Types of Coral Reefs:
- Fringing reefs consist of flat reef areas that directly skirt a non-reef island, often volcanic, or a mainland mass.
- Barrier reefs are also close to a non-reef landmass but lie several kilometres offshore, separated from the landmass by a lagoon or channel often about 50 metres (160 feet) deep. Some barrier reefs are more or less circular, surrounding an island, but larger barrier reefs, such as those along the Red Sea coast and Australia’s Great Barrier Reef, are complex linear features consisting of chains of reef patches, some of them elongated into ribbon reefs.
- Atolls are like circular barrier reefs but without their central landmass.
Benefits:
- Marine diversity: Coral reefs have many species of marine organisms that depend on them for food, shelter, and reproduction. Healthy corals support thriving marine life, but unhealthy corals can lead to loss of the marine line which in turn will disrupt the food chain.
- Tourism: Healthy coral reefs are attractive tourism destinations, and bleaching can affect the local economy negatively.
- Fishing: Fishing communities are depended on corals for seasonal migrations of fish species.
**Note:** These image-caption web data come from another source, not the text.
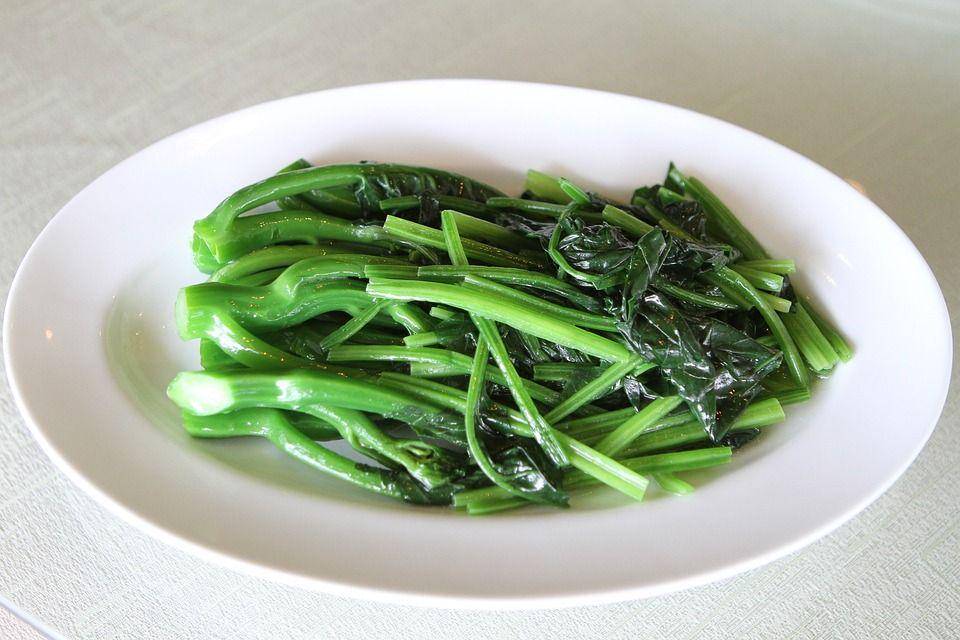 ilustrasi kangkung (pixabay.com/Nicky Girly)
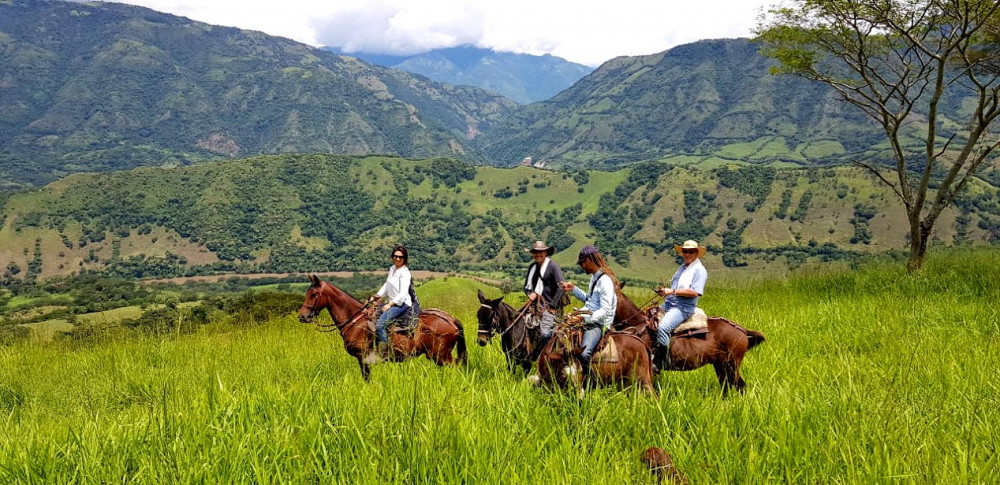 Medellin Horse-Back Ride Around Cattle Ranch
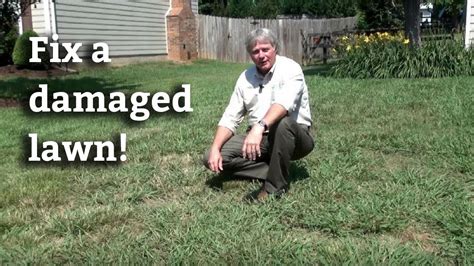 Maybe you would like to learn more about one of these? Lawn Renovation: How To Grow Grass In A Damaged Lawn - YouTube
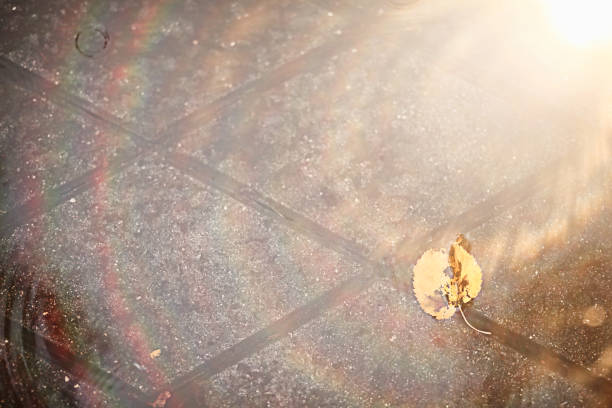 Autumn rain in the park during the day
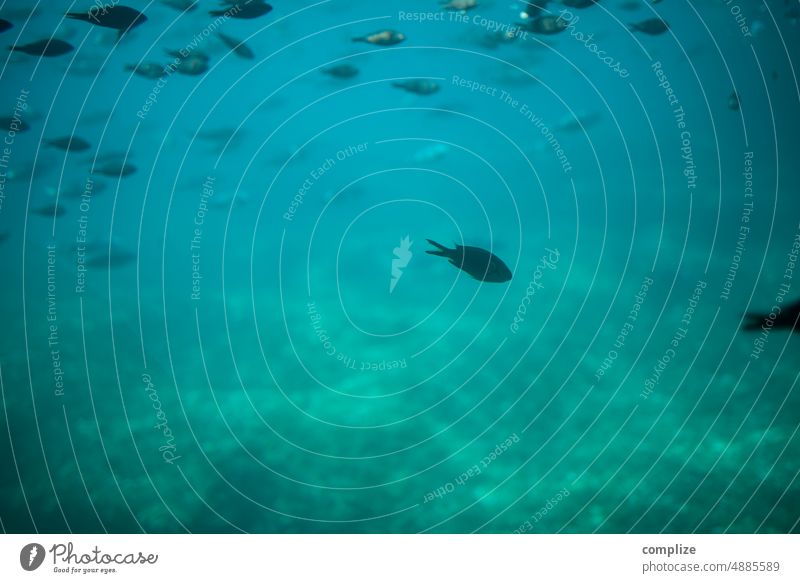 Fische im blauen Mittelmeer fischen Meer Unterwasser Unterwasseraufnahme uboot Schwarm Flosse viele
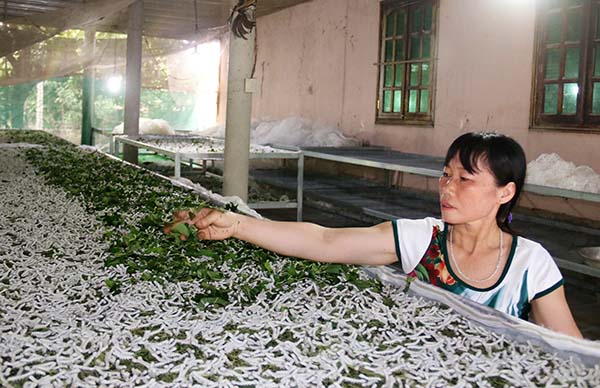 Bà Đồng Thị Hương (dân tộc Hoa, ngụ ấp 10, xã Sông Ray, huyện Cẩm Mỹ) có thêm hiểu biết để chăm sóc đàn tằm của gia đình sau lớp đào tạo nghề. 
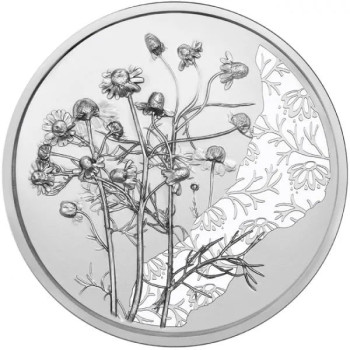 A virágok nyelvén - A kamilla 10 EUR 2023 ezüst pénzérme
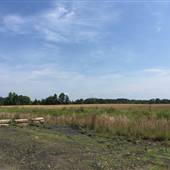 Train Tracks/Land Near Plant Branch (#2)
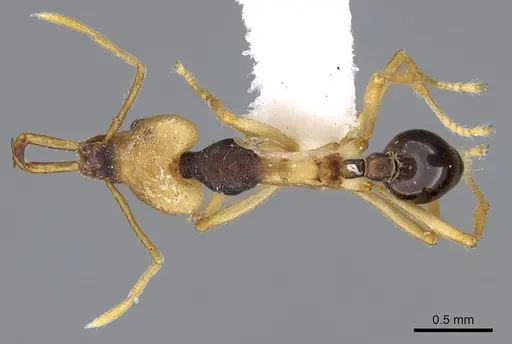 Strumigenys tigris - CASENT0914875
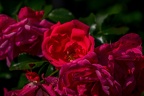 0016-rhein sieg district-red roses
Unhealthy corals will lead to a decrease in fishing activities impacting economic activities.
- Coastline protection: Coral reefs protect coastlines by absorbing constant wave energy from the ocean, thereby protecting people living near the coast from increased storm damage, erosion, and flooding
- Coral reefs act like low-crested breakwaters and absorb 97% of wave energy.
Coral Bleaching
- The coral and the zooxanthellae share a symbiotic relationship and 90% of the nutrients that are produced by the algae are transferred to the coral hosts.
- But this relationship gets affected under severe environmental stress which causes the loss of symbiotic algae (zooxanthellae).
- As a result, the white calcium-carbonate exoskeleton is visible through its transparent tissue leading to a condition known as Coral Bleaching.
- The corals become vulnerable in the absence of the algae and begin to die if the temperature of the sea remains high for weeks.
Causes of coral bleaching
- Warm Sea Temperature: Coral species prefer to live in waters close to the warm temperatures which they can tolerate but a slight increase in ocean temperature can harm corals.
- Extreme low tides: Extreme events of low tides exposes the corals to solar and ultraviolet radiations which can induce coral bleaching.
- Ocean Acidification: Oceans are the carbon sinks, but more carbon dioxide increases the acidity of the ocean. This increase in the acidity of ocean water inhibits the coral’s ability to create calcareous skeletons, which is essential for their survival.
- Diseases: Species of bacteria like vibrio shiloiinhibits the photosynthesis of zooxanthellae. These bacteria become more potent at higher sea temperatures.
- Ocean Pollution: The increasing nutrient concentrations leads to excessive phytoplankton growth, and attracts more and more marine life, which may cause strain on the reefs.
- Sedimentation: High rates of land erosion causes silt and other sediments to leach into ocean waters which causes sedimentation and water turbidity. The siltation tends to smother corals and turbidity reduces light availability potentially reducing coral photosynthesis and growth.
- Anthropogenic threat: Over-fishing, pollution from agricultural and industrial runoff,coral mining, development of industrial areas near coral ecosystems have adverse impacts on coral reefs.
- Predators: Acanthasterplanci, also known as Crown-of-Thorns Starfish, eats corals during the night. They may destroy the entire coral reefs if found in huge numbers.